Ce sont là deux tests précliniques, valables pour l’homme, rapides, d’un coût abordable, largement utilisés à l’étranger, mais d’autres peuvent les compléter. Affecter à ces méthodes, et aux recherches scientifiques pour d’autres, les moyens gaspillés en France dans des tests sur les soi-disant « modèles » animaux permettrait d’éviter les drames dus aux effets secondaires et le sacrifice de volontaires qui ont fait confiance aux paroles des cliniciens. Pourquoi ces derniers, s’ils étaient tellement sûrs de l’innocuité des candidats médicaments, ne s’y sont-ils pas exposés eux-mêmes ?

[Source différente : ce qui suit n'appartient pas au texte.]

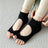 Black / EU35-40(US2-7)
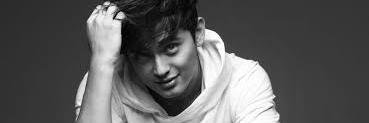KenethMhal's profile banner image
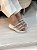 Birken Feminina Clara Off-white - Imagem 12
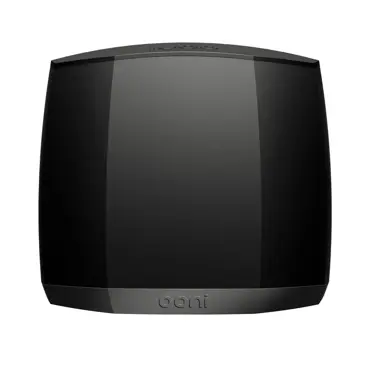 Ooni Koda 2 Max Gas Powered Pizza Oven - image 5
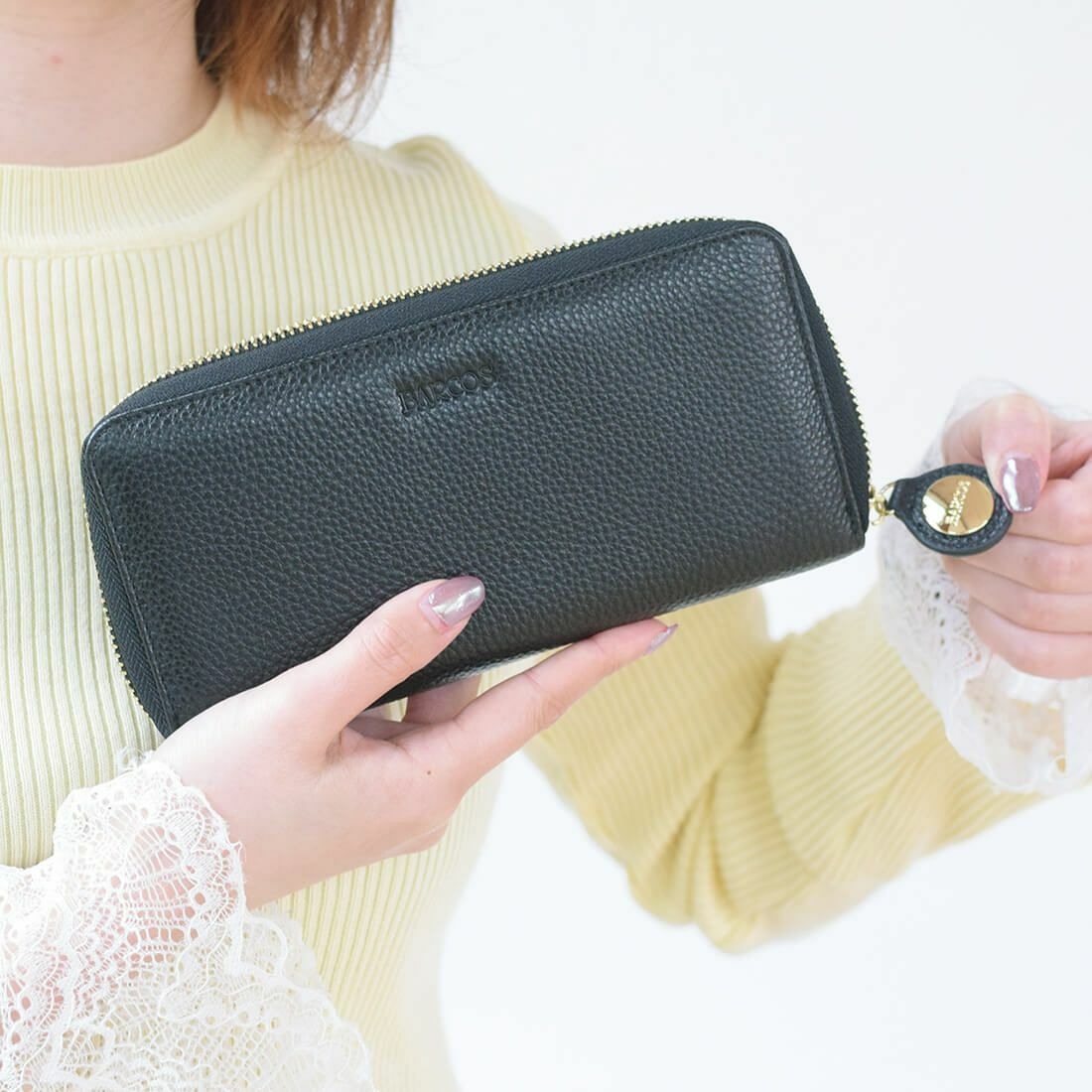 ＜フェリーチェR＞ポシェットセット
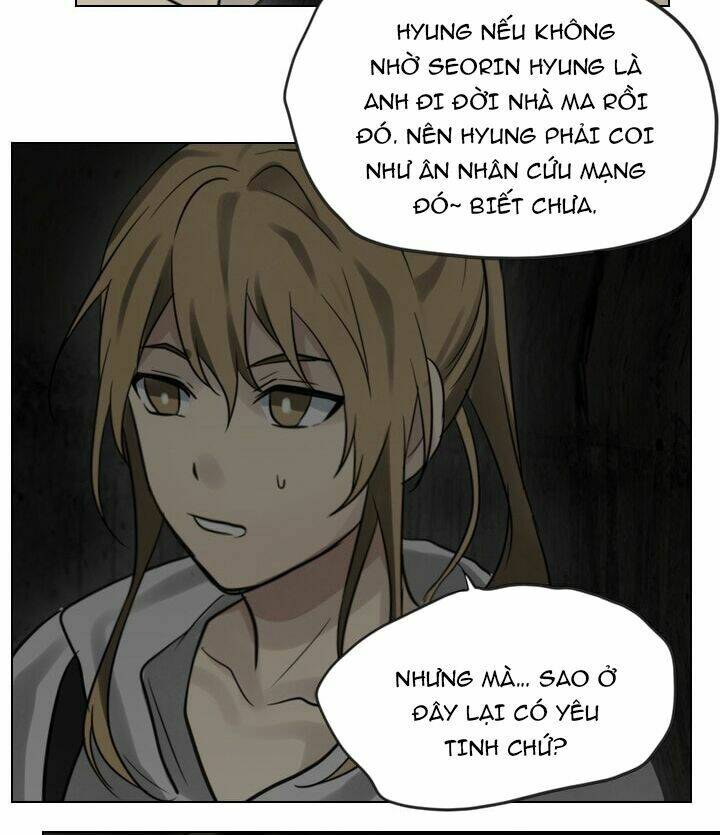 Chương 33 - Trang 54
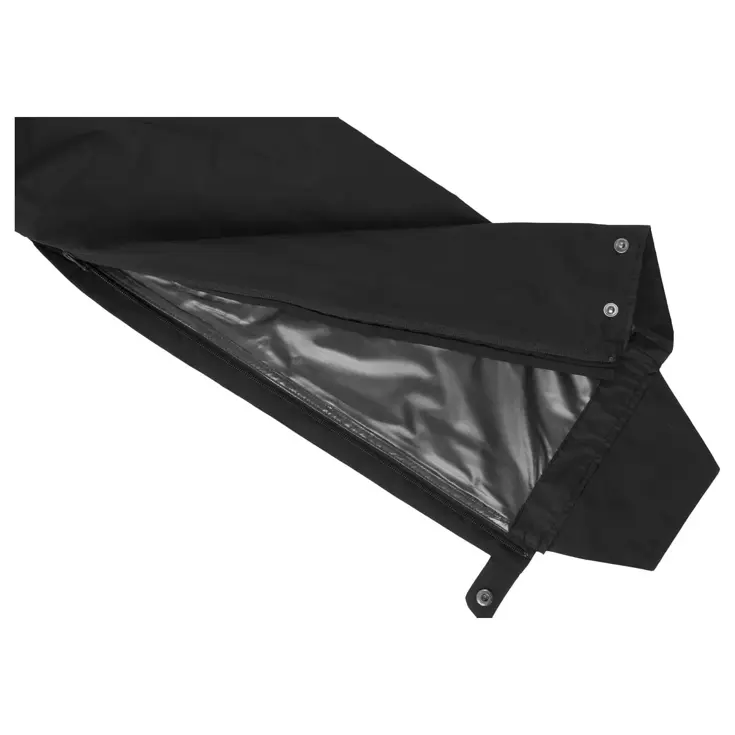Section II Essential - Regenbroek heren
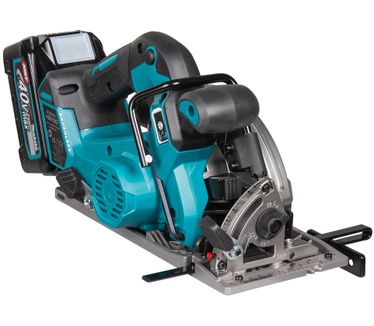 Makita HS012GD201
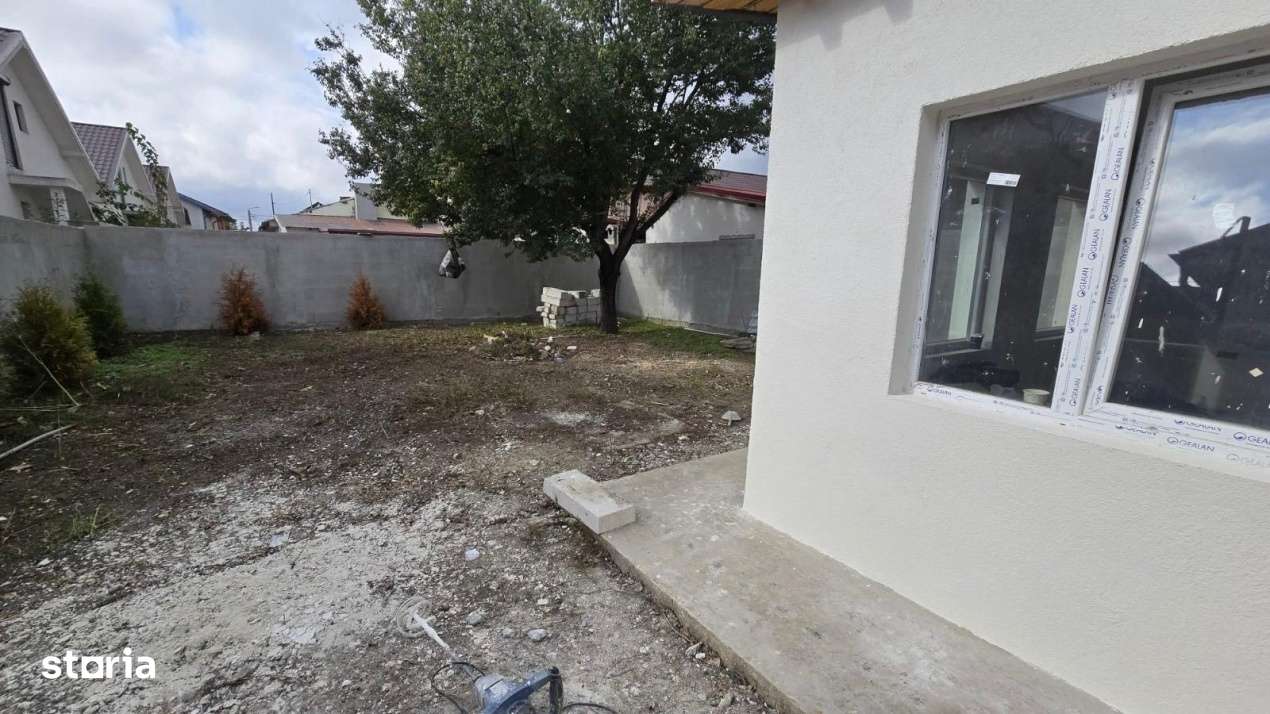 Casa 3 camere-Navodari-5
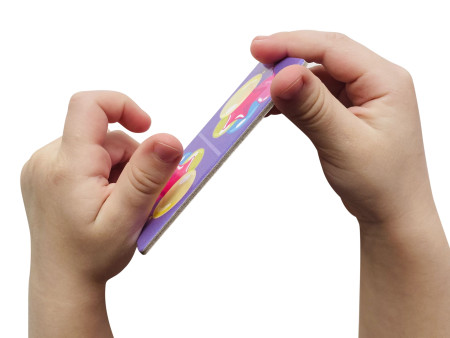 Домино Вaby Toys для малышей KOR-04049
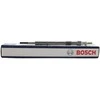 Bosch Žvakės Žaros Atramos JEEP Grand Cherokee VOLVO S40 S80 C70 C30 V50 V60 V70 XC60 XC70 XC90 V40 S60 V90 1820A019 1607849980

Sachant à présent que la notion de « modèle » animal n’a aucune valeur en ce qui concerne la santé humaine, mais conduit bien souvent à de graves accidents, il vous appartient, au nom des pouvoirs attachés à votre fonction, de mettre un terme sans délai à l’utilisation de ces prétendus « modèles ». Vous engageriez sinon votre responsabilité personnelle, comme ce fut le cas en son temps dans le scandale du sang contaminé.
Veuillez agréer, Madame la Ministre de la Santé, l’expression de notre haute considération.
Nous nous limitons à traduire ici certaines phrases de l’article publié en octobre 2015 par la neurophysiologiste Aysha Akhtar en évitant de répéter des éléments que nous avons déjà donnés et développés par ailleurs. Nous reproduisons toutefois les grandes lignes de son article, remarquable synthèse de l’argumentation scientifique contre l’utilisation d’animaux pour la recherche biomédicale humaine. Nous encourageons vivement tous les anglophones intéressés par ce sujet à lire l’article d’Aysha Akhtar dans son intégralité (http://www.ncbi.nlm.nih.gov/pmc/articles/PMC4594046/ ; Camb Q Healthc Ethics. 2015 Oct; 24(4): 407–419).
Résumé
L’expérimentation animale est défendue par l’affirmation qu’elle serait fiable, que les animaux fournissent d’assez bons modèles de la biologie humaine et des maladies humaines pour générer des informations pertinentes et que, en conséquence, son utilisation fournit de grands bénéfices pour la santé humaine. Je démontre qu’un corpus grandissant de littérature scientifique évaluant de façon critique la validité de l’expérimentation animale soulève des préoccupations importantes au sujet de sa fiabilité et de sa valeur prédictive pour les réponses humaines et pour la compréhension de la physiologie humaine. L’absence de fiabilité de l’expérimentation animale dans beaucoup de domaines sape les arguments scientifiques en faveur de cette pratique. De plus, je montre comment l’expérimentation animale provoque souvent des dommages significatifs aux humains, en raison d’études de sécurité (toxicité) souvent trompeuses, d’abandon possible de thérapies efficaces pour l’homme et de captation de ressources au détriment de méthodes plus efficaces. La conclusion suggère que les dommages et le coût pour l’homme de l’expérimentation animale dépassent les bénéfices potentiels et que les ressources seraient mieux investies dans le développement de méthodes basées sur l’homme.
Introduction
Plus de 115 millions d’animaux sont utilisés chaque année dans le monde pour l’expérimentation ou pour fournir l’industrie biomédicale. L’expérimentation animale vise à informer sur la biologie humaine et les sciences de la santé et à assurer la sécurité et l’efficacité de traitements potentiels.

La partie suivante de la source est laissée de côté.